From an RO's POV most people haven't spent enough time getting to know their firearm, consequently on an Action shooting range they don't have a brain cell to spare to find their way around the gun. That said, with some experience and a little coaching most competitors become competent after 8 or 10 matches (I have to say it :D :D :D ) as Andrew is beginning to prove.

For the record, Andrew's gun handling is pretty good and he only gave me cause for (minor) concern at the first steel shoot.
:D :D :D :D :D :D


Plbbbbt!

At the steel shoot on Saturday, I was the RO for a guy who did the "hammer down" step before the "unload and show clear" step (and before receiving any damn instructions).

The gun was pointed in a safe direction, so he only made a new divot in the ground, but no one was very pleased it happened.

As I say in class, "Adrenaline makes you slow, stupid, clumsy and forgetful."


I'll bet you felt "slow, stupid, clumsy and forgetful" right after that gun went bang......I know when I've been the RO and the same thing happened, I felt that way.
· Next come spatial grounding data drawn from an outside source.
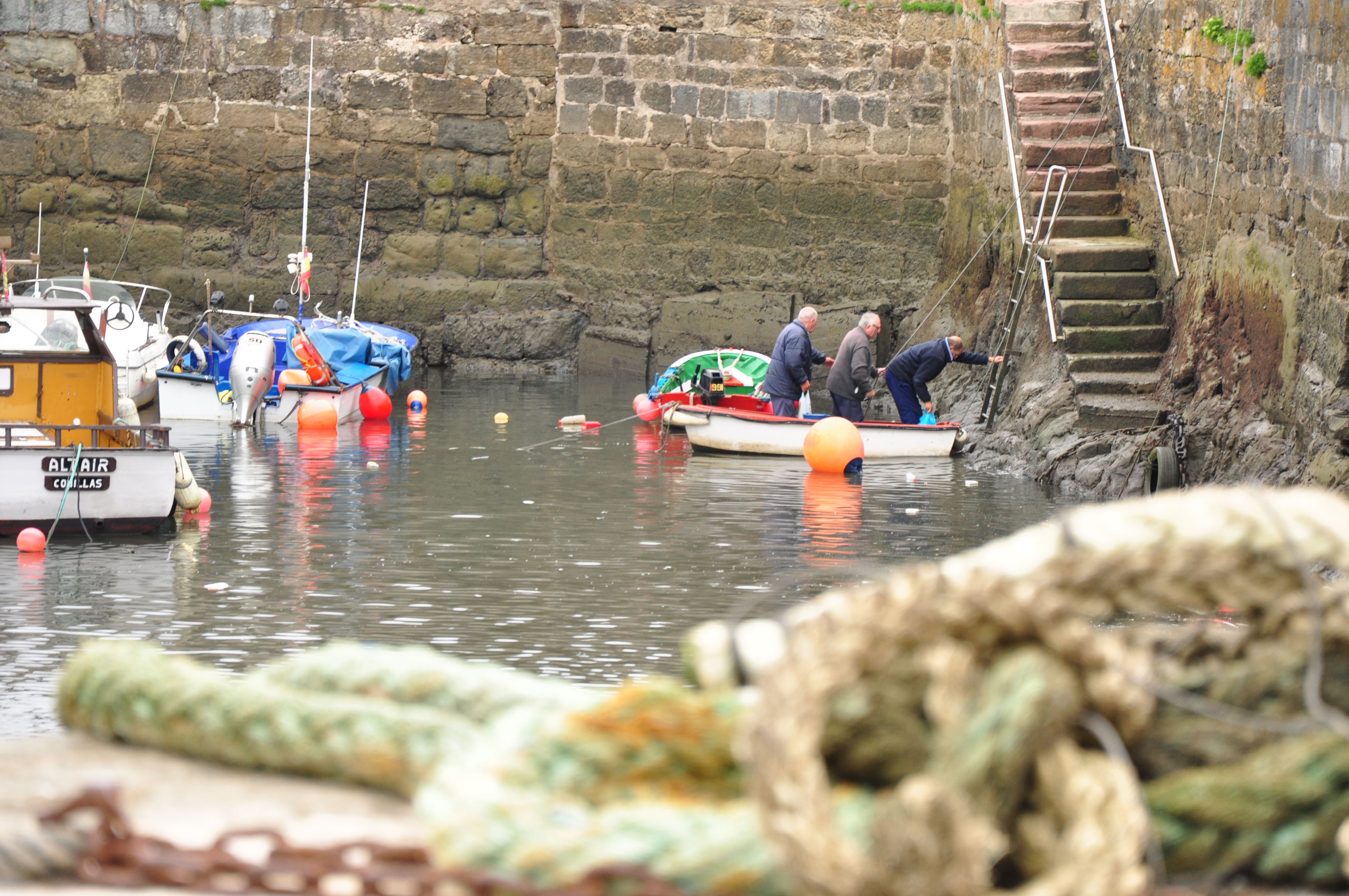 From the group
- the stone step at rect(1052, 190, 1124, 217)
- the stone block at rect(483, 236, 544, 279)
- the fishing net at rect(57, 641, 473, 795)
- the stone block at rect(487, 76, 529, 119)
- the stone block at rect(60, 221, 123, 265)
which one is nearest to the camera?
the fishing net at rect(57, 641, 473, 795)

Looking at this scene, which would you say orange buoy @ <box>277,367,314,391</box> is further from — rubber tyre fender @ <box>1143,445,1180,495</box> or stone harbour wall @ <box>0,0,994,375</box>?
rubber tyre fender @ <box>1143,445,1180,495</box>

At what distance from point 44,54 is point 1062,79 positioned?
38.8ft

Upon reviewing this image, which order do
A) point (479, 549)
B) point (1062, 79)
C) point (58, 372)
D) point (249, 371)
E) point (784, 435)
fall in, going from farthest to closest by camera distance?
point (1062, 79), point (249, 371), point (784, 435), point (58, 372), point (479, 549)

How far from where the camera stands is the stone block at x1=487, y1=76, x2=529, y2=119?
2061 cm

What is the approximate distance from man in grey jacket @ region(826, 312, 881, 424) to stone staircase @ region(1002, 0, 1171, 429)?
173 centimetres

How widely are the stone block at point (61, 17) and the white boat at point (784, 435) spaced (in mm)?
9980

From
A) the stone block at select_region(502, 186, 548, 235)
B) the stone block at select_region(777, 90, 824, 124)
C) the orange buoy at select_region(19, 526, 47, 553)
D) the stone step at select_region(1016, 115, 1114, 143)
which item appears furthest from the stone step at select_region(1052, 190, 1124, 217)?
the orange buoy at select_region(19, 526, 47, 553)

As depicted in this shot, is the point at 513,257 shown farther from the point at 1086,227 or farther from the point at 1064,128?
the point at 1086,227

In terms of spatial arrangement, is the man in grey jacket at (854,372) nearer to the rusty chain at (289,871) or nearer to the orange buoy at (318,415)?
the orange buoy at (318,415)

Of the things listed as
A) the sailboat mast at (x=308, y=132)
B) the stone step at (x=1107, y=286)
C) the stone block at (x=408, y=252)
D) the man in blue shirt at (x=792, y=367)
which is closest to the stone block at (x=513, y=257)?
the stone block at (x=408, y=252)

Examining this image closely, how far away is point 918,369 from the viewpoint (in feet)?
51.3

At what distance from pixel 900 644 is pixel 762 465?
1186 cm

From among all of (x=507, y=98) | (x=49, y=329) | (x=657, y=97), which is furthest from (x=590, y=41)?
(x=49, y=329)

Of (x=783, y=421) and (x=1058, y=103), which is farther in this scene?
(x=1058, y=103) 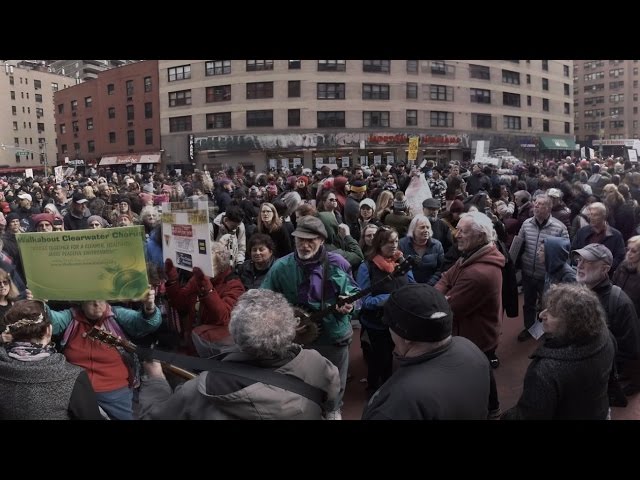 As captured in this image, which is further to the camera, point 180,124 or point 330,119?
point 180,124

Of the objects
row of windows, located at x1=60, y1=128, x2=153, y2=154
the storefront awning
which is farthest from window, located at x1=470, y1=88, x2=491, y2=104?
row of windows, located at x1=60, y1=128, x2=153, y2=154

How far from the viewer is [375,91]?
37562mm

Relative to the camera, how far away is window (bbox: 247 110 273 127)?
37403 mm

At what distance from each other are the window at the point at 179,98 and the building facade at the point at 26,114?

I think my above comment about no brain cells left to spare was the situation that caused the incident, let's hope that was all the training needed to improve the person's gun handling.

Saturday's ND was the perfect example of what can happen if a person is not paying attention to how they handle the gun. A perfect storm situation can develop until there is a hole where there shouldn't be one. Thankfully on Saturday it was in the dirt on the range, not a person, at least that rule (never point a gun at something you are not willing to destroy) was observed even if several others were broken.